The data —

---*---

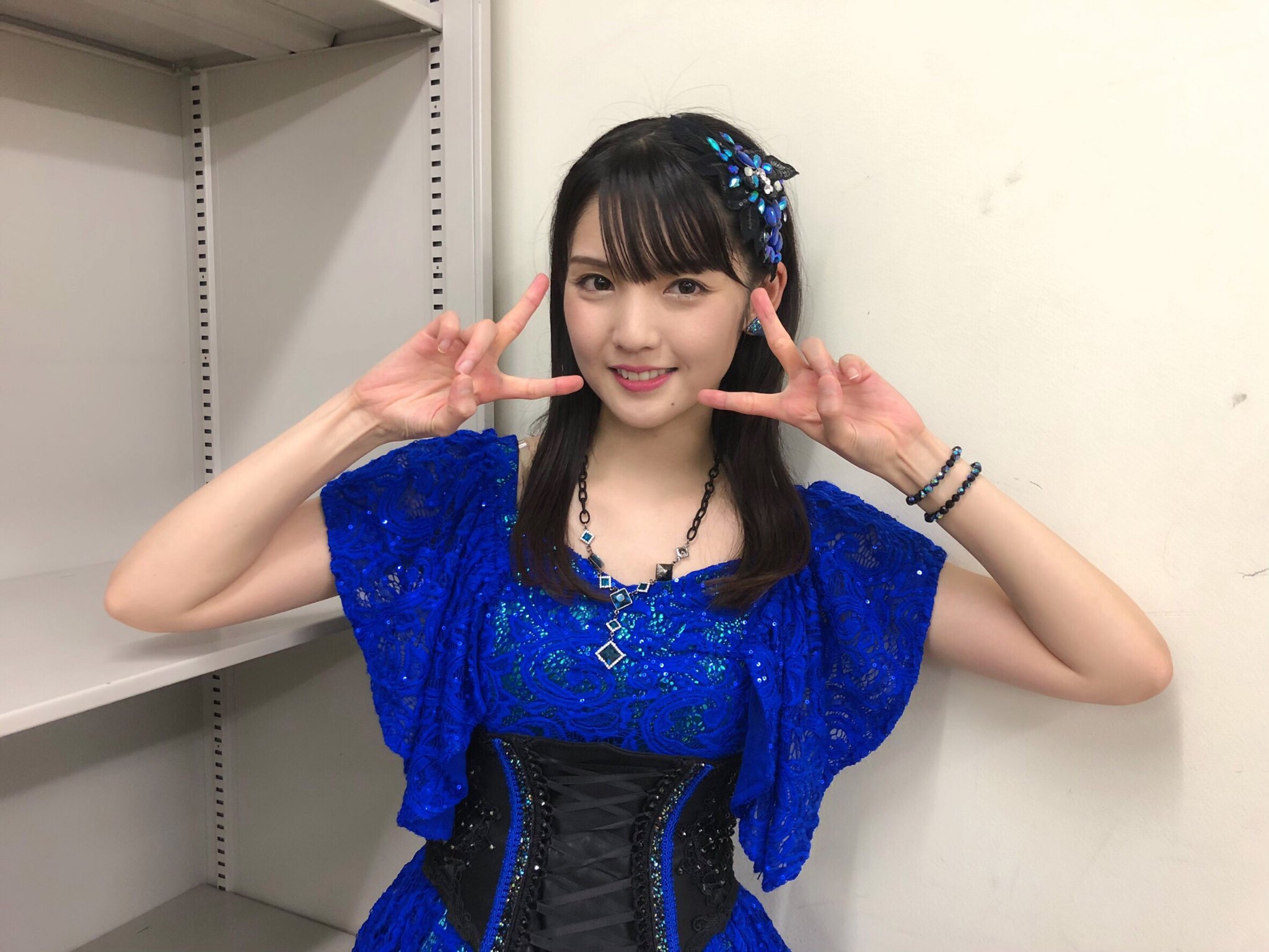 道重さゆみ写真 道重さゆみ 写真集 『 Blue Rose 』 | 道重 さゆみ, 西田 幸樹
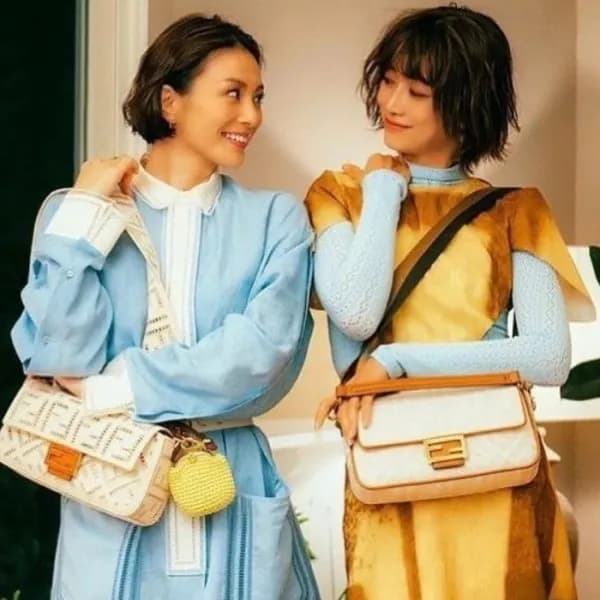 펜디 여성 아이보리 바게트 백 - Fendi Womens Baguette Bag - feb… - 1
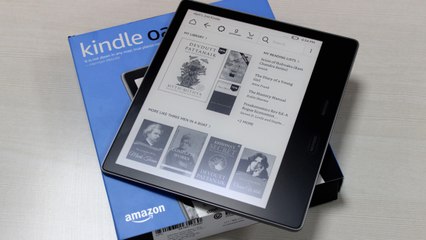 Amazon Kindle Oasis : First Impression (Hindi)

---*---

Give the listing again word for word, but drop every picture.

 道重さゆみ写真 道重さゆみ 写真集 『 Blue Rose 』 | 道重 さゆみ, 西田 幸樹
 펜디 여성 아이보리 바게트 백 - Fendi Womens Baguette Bag - feb… - 1
 Amazon Kindle Oasis : First Impression (Hindi)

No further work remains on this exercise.